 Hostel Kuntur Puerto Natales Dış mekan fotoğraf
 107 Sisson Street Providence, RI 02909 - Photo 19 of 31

■ ■ ■ ■ ■ ■ ■

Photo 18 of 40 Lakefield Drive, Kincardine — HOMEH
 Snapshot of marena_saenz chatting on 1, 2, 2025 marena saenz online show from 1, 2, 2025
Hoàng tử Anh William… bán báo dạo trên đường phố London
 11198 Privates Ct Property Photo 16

■ ■ ■ ■ ■ ■ ■

- [What you have to do] Only lines containing the word "Photo" should be copied from the material above.

- [Task solution]
 107 Sisson Street Providence, RI 02909 - Photo 19 of 31
Photo 18 of 40 Lakefield Drive, Kincardine — HOMEH
 11198 Privates Ct Property Photo 16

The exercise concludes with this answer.